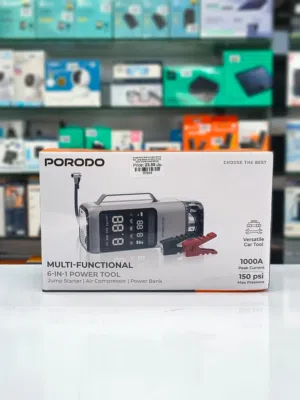 Brand New Porodo 6 in 1 Tool in Oman  Air Compressor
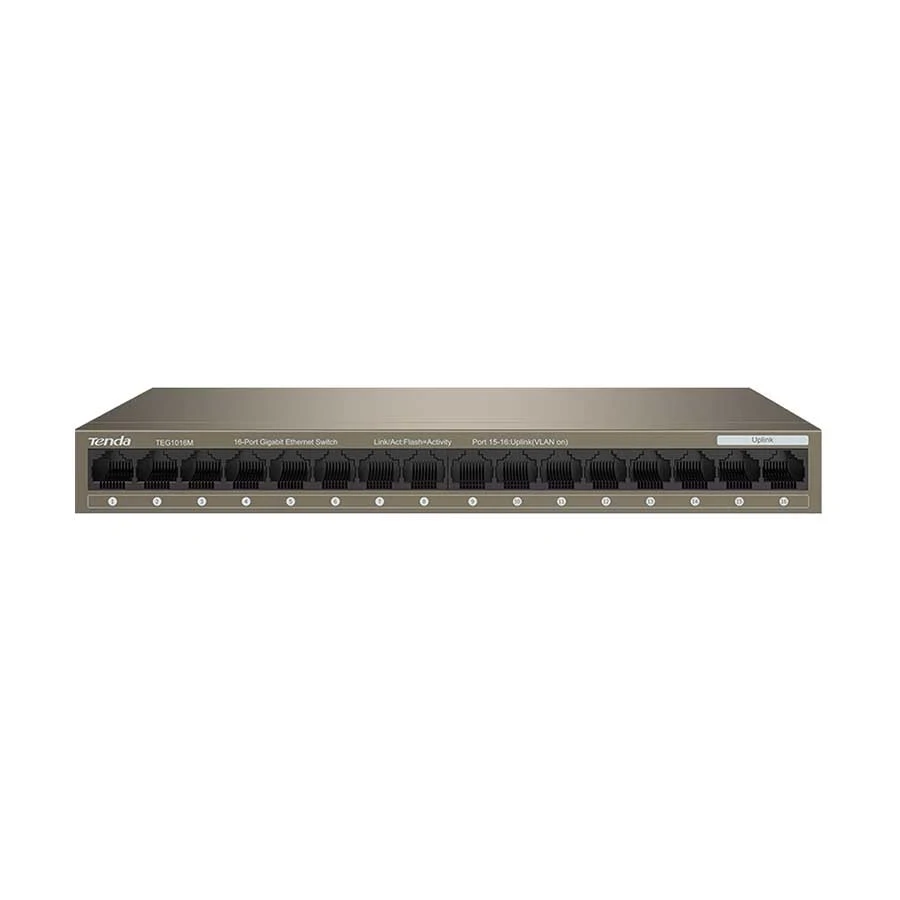 Tenda 16 Port Gigabit Ethernet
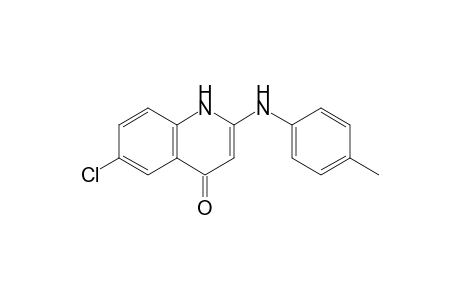 6-Chloro-2-(p-tolylamino)quinolin-4(1H)-one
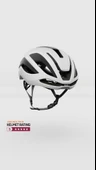 Kask Elemento Yol Bisikleti Kaskı Beyaz Small thumbnail 9
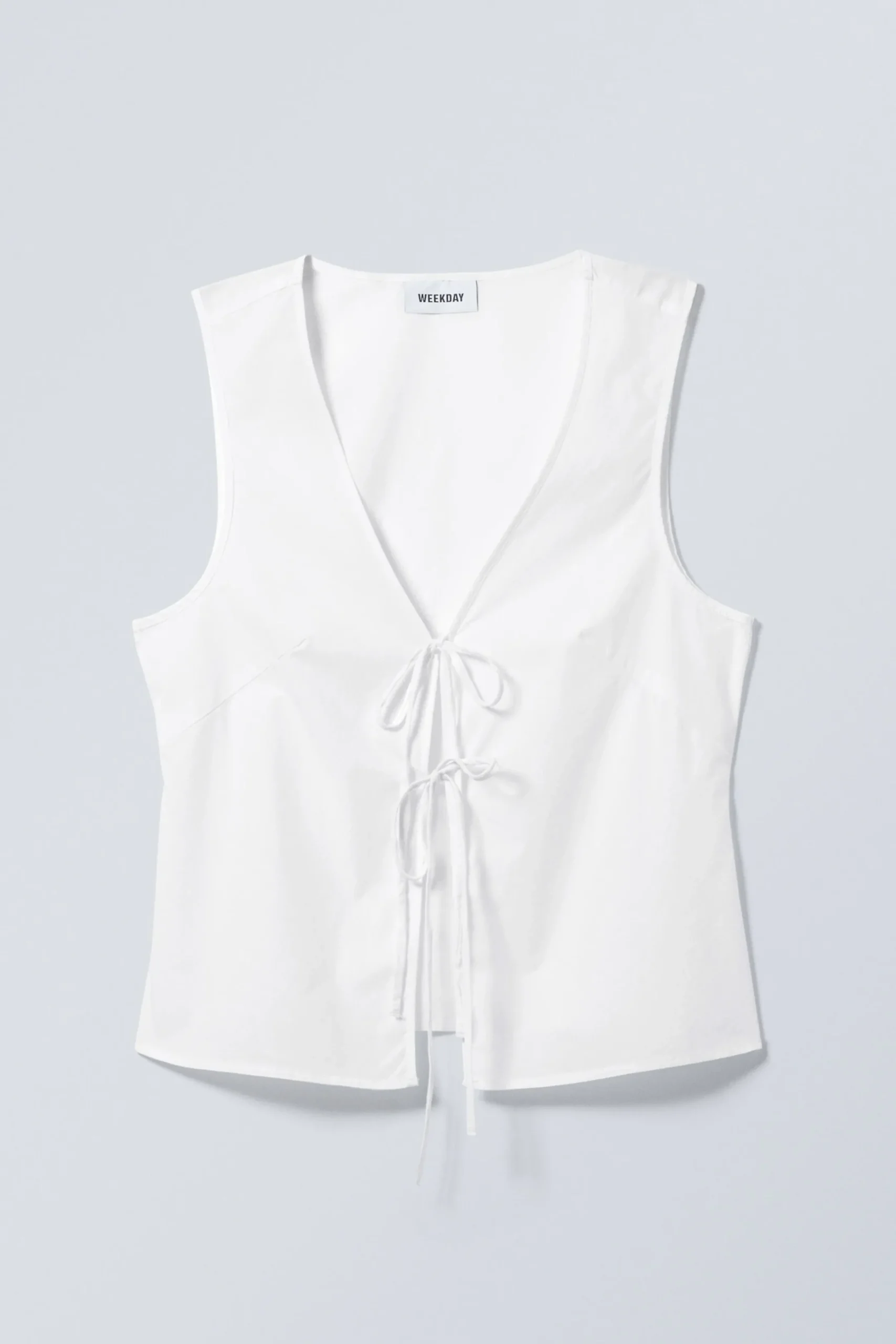 Weekday FITTED VEST TOP>Women Blouses & Shirts|Tops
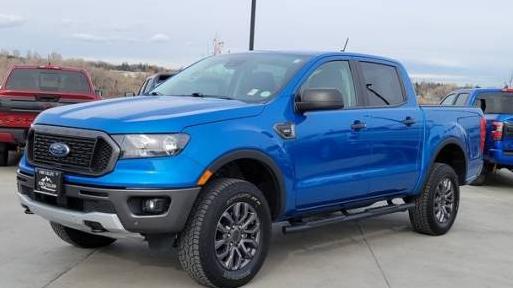 FORD RANGER 2022 1FTER4FH6NLD05220 image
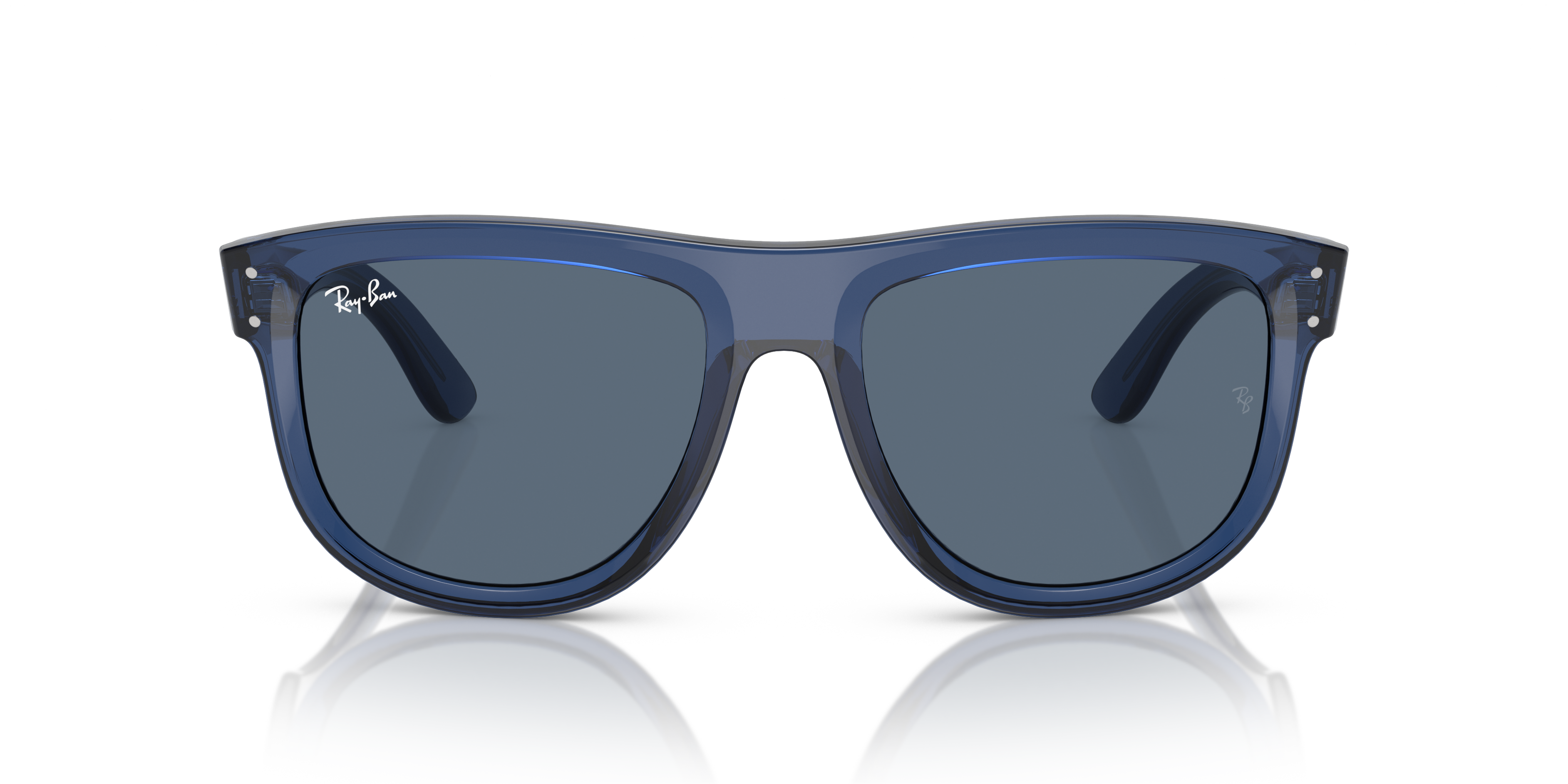 Acquista Occhiali da Sole Ray-Ban Boyfriend Reverse Neri 0RBR0501S
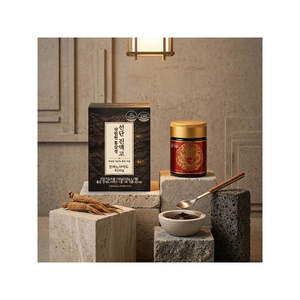 Apoyo Antioxidante, Pasta de Extracto de Ginseng Rojo Coreano, Energía Esencial Diaria y Apoyo Inmunológico, Mini Set Premium Royal Wellness - Product Image 1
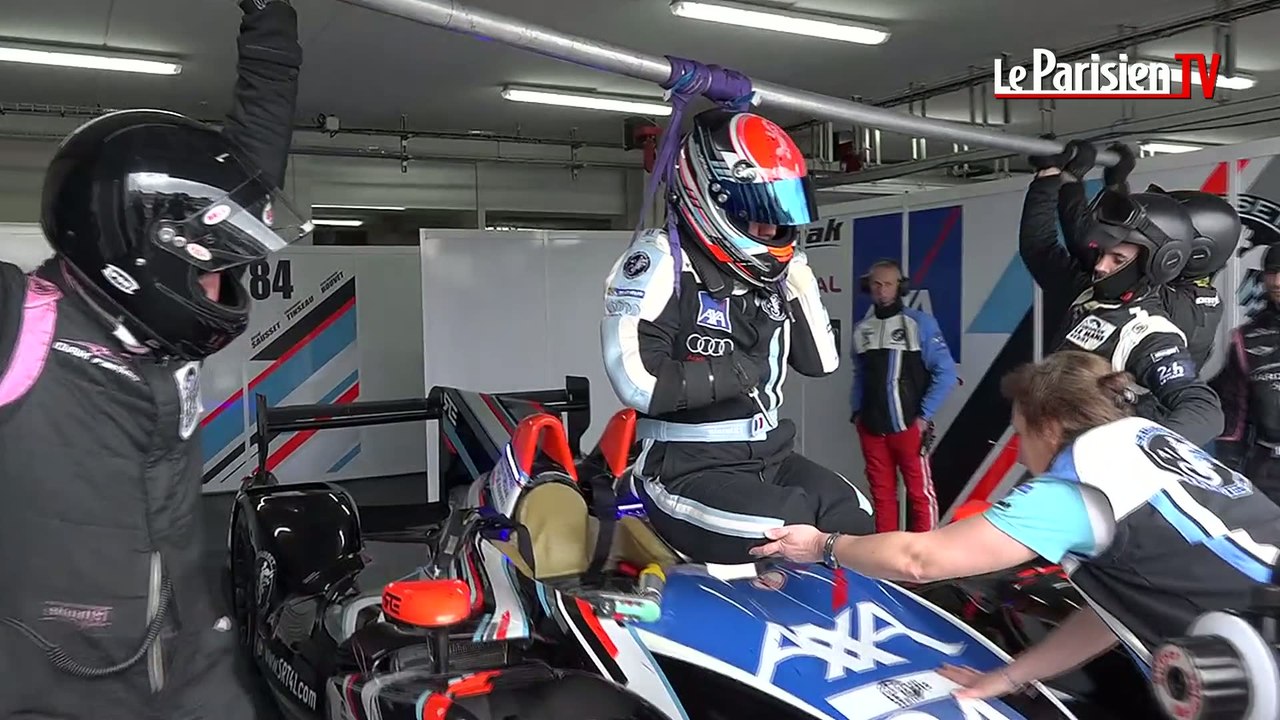Quadri-amputé, il va courir les 24 Heures du Mans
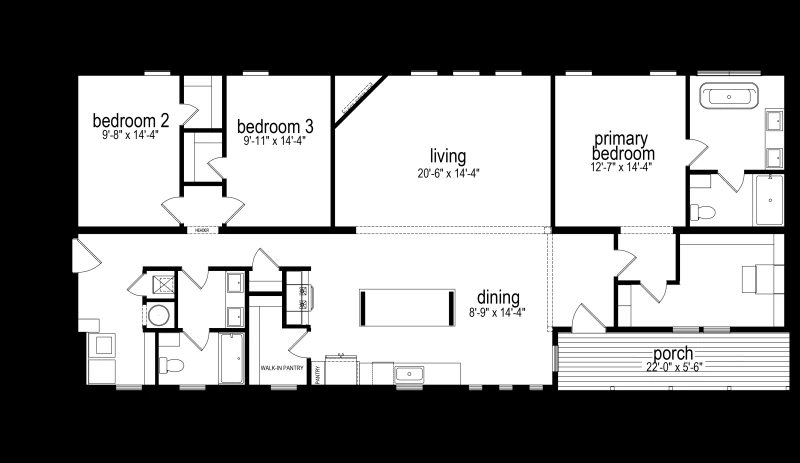 Champion Homes McKenna prefab home exterior
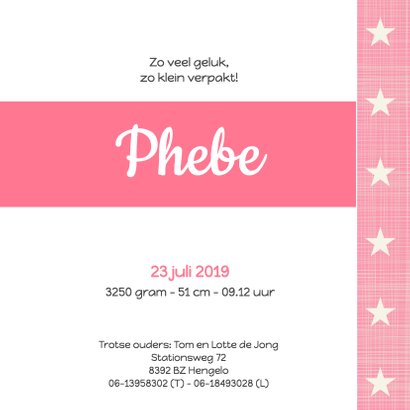 Geboortekaartje-bloem-Phebe-SK 3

## WHAT IS EXPECTED
Because only the text is wanted, copy each record above precisely and omit its pictures.

## RESULT
 Brand New Porodo 6 in 1 Tool in Oman  Air Compressor
 Tenda 16 Port Gigabit Ethernet
 6-Chloro-2-(p-tolylamino)quinolin-4(1H)-one
 Kask Elemento Yol Bisikleti Kaskı Beyaz Small thumbnail 9
 Weekday FITTED VEST TOP>Women Blouses & Shirts|Tops
 FORD RANGER 2022 1FTER4FH6NLD05220 image
 Acquista Occhiali da Sole Ray-Ban Boyfriend Reverse Neri 0RBR0501S
 Apoyo Antioxidante, Pasta de Extracto de Ginseng Rojo Coreano, Energía Esencial Diaria y Apoyo Inmunológico, Mini Set Premium Royal Wellness - Product Image 1
Quadri-amputé, il va courir les 24 Heures du Mans
 Champion Homes McKenna prefab home exterior
 Geboortekaartje-bloem-Phebe-SK 3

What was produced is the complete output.